BRIEF |
One line at a time, check the entries below for the word "Women", and copy each line that has it.

ENTRIES SUPPLIED |
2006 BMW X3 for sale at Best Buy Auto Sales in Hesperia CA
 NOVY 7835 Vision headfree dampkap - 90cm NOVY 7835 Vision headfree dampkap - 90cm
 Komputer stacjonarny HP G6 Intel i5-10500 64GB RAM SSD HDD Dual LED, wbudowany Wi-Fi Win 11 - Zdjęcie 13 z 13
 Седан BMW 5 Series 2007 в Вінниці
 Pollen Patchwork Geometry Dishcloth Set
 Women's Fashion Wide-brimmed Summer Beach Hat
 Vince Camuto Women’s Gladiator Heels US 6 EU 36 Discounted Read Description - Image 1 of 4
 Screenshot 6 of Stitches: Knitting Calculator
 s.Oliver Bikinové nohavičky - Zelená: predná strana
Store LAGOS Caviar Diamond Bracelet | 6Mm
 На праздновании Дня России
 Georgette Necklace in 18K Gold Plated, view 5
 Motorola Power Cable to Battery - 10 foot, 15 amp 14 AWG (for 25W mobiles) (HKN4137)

PROBLEM SOLUTION |
 Women's Fashion Wide-brimmed Summer Beach Hat
 Vince Camuto Women’s Gladiator Heels US 6 EU 36 Discounted Read Description - Image 1 of 4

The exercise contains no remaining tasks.